In South Africa, Protesters Call For President's Resignation

AUDIE CORNISH, HOST:

Tens of thousands of protesters marched in South Africa's capital today calling for President Jacob Zuma to resign. It's the second round of mass protests in less than a week. There's widespread frustration over a string of political scandals and a lackluster economy. As Peter Granitz reports from Pretoria, pressure is mounting on the president from both outside and inside his party.

PETER GRANITZ, BYLINE: Today is President Zuma's 75th birthday. And while he celebrated the milestone in Johannesburg, some 30,000 people flocked to the lawn outside the presidential offices in Pretoria. The message was clear.

NTEGBELNG NTHULE: We all have one mission - to bring the president down.

GRANITZ: That's Ntehbelng Nthule. She has three degrees and no permanent job, so she traveled two and a half hours to join the protests. She wears the red shirt of the Economic Freedom Fighters. That's a political party that splintered from the African National Congress, the party Zuma leads and the party that has dominated South African politics since democracy began in 1994.
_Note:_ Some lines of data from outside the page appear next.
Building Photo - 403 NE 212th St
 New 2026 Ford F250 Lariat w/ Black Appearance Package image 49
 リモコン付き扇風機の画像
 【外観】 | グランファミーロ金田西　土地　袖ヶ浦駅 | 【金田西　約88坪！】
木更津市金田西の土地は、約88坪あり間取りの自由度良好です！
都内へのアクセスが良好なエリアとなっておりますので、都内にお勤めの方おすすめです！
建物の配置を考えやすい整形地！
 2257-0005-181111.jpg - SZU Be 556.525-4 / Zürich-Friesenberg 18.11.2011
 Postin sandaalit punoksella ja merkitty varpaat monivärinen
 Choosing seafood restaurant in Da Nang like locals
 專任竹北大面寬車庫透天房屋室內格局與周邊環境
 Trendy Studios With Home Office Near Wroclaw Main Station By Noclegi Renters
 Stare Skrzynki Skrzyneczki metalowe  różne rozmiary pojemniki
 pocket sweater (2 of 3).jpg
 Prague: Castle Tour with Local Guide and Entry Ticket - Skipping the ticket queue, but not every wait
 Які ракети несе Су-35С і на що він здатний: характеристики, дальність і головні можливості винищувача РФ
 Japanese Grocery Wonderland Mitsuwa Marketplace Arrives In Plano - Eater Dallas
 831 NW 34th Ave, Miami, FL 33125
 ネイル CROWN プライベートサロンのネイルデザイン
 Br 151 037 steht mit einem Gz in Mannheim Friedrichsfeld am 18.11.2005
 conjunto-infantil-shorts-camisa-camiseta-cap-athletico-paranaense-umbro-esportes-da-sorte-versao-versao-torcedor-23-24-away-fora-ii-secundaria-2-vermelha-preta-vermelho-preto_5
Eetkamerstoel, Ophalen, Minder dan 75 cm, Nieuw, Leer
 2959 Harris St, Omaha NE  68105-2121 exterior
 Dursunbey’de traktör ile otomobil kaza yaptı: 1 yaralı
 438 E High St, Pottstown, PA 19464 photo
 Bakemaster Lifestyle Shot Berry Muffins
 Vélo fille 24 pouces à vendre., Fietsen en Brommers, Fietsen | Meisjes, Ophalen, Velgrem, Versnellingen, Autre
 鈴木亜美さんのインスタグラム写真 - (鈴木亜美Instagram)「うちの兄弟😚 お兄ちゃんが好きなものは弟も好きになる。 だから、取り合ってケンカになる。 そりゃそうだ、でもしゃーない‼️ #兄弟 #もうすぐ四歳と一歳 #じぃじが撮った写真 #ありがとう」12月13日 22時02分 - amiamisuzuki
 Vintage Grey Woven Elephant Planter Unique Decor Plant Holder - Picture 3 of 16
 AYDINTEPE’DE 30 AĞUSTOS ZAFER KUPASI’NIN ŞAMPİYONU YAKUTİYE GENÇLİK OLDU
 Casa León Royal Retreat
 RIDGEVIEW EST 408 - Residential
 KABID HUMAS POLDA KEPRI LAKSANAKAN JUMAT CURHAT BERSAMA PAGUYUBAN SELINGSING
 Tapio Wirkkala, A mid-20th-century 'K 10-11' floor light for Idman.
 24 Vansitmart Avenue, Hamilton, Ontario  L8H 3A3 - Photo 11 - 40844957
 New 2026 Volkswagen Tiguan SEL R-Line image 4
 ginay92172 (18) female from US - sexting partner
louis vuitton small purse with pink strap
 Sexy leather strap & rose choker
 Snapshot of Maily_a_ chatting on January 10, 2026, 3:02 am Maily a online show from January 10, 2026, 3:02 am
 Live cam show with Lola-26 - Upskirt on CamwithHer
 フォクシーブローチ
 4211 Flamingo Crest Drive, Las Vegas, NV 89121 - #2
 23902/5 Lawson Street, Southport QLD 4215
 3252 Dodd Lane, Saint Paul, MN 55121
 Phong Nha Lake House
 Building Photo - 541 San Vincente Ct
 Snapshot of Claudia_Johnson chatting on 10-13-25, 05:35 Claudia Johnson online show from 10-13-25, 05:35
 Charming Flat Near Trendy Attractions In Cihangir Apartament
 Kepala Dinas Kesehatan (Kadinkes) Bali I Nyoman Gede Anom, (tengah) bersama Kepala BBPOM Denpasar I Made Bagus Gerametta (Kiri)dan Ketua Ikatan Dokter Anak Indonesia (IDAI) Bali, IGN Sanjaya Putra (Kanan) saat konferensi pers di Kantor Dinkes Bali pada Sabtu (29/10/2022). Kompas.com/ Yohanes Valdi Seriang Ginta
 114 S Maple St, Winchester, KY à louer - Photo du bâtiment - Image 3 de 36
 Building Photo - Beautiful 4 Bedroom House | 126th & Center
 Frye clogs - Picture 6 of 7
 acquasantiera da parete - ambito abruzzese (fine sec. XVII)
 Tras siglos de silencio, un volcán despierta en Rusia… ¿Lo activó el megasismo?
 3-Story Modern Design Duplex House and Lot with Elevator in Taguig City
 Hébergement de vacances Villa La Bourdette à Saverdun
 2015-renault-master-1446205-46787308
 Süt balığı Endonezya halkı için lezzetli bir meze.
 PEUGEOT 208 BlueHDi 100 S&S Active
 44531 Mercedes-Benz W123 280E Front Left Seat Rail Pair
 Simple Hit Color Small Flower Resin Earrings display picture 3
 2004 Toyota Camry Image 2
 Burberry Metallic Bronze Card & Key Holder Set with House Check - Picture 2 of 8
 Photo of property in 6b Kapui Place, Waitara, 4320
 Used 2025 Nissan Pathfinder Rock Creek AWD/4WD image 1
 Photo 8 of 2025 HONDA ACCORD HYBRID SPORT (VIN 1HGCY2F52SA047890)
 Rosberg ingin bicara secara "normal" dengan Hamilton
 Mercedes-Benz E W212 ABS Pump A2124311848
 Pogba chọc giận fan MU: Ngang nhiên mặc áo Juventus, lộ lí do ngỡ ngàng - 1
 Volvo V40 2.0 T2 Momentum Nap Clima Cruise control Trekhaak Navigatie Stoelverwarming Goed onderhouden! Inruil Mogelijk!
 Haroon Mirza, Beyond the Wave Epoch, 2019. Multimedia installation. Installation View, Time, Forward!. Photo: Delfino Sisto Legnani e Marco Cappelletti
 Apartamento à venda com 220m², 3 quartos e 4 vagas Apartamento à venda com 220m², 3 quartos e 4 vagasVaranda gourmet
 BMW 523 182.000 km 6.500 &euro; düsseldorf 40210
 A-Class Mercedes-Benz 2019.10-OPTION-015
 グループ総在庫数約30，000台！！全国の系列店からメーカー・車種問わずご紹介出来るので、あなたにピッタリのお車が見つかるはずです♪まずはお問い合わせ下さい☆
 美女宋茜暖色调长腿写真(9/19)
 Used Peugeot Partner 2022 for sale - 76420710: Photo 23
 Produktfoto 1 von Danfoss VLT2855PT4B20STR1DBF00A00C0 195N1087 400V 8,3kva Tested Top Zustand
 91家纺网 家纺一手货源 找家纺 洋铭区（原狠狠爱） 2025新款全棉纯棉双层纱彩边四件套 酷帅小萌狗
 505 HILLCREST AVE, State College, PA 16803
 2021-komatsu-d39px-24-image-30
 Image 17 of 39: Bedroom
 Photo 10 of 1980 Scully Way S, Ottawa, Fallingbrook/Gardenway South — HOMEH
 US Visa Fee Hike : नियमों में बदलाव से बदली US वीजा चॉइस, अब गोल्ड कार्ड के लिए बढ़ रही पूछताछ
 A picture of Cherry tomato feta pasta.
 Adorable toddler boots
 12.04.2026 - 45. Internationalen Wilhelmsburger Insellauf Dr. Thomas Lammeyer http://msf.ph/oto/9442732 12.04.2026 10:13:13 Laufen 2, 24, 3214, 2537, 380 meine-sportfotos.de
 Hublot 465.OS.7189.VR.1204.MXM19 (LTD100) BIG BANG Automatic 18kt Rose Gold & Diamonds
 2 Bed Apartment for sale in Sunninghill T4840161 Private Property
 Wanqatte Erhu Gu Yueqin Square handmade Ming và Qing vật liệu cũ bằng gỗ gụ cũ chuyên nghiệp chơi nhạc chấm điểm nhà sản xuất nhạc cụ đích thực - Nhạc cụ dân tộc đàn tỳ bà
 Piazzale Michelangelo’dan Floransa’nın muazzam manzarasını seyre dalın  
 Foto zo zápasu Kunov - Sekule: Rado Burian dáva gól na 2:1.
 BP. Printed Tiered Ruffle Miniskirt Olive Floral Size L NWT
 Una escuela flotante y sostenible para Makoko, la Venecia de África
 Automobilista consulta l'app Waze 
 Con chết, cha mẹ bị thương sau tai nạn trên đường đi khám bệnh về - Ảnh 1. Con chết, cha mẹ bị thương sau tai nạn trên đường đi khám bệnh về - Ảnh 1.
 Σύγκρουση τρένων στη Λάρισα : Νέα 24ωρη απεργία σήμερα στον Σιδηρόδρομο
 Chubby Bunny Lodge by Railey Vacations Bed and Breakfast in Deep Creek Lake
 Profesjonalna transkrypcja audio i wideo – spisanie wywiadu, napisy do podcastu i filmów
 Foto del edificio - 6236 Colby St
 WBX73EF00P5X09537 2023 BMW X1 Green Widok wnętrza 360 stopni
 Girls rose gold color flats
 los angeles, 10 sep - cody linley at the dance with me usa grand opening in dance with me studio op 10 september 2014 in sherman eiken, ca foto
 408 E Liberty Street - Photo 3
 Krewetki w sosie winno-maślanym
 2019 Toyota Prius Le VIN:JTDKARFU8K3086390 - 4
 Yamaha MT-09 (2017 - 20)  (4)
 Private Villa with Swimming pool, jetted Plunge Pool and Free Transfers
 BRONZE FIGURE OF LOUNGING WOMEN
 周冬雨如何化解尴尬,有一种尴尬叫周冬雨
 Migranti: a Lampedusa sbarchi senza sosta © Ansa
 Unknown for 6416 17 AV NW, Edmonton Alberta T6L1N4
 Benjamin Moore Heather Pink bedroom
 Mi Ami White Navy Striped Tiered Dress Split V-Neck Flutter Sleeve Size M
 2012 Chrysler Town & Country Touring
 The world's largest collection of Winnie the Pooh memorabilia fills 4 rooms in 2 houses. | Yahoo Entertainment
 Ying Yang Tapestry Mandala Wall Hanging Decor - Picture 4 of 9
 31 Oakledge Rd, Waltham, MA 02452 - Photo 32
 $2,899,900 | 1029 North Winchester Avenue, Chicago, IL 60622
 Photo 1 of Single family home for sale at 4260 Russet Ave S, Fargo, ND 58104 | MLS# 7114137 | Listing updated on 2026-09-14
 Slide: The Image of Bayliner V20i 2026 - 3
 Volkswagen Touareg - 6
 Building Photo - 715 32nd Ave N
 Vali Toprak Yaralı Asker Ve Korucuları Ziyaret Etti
It's led by Julius Malema. He and other opposition leaders, many with vastly different ideologies, are hoping the demonstration forces hesitant ANC members of parliament to support a no-confidence vote.

JULIUS MALEMA: Enough is enough. We can't take it anymore.

GRANITZ: A vote of no-confidence would force Zuma from office. He's survive several before, so the opposition parties are petitioning the courts to allow for a secret ballot. There is growing pressure on Zuma, who late last month fired his respected Finance Minister Pravin Gordhan. Two credit ratings agencies downgraded South Africa to junk status following the move, so it's going to get more expensive to borrow money here, and food prices could rise. That worries pensioner Ida Hlatshwayo who supports her children and grandchildren with a government grant.

IDA HLATSHWAYO: Our children - they're not working. We got no money.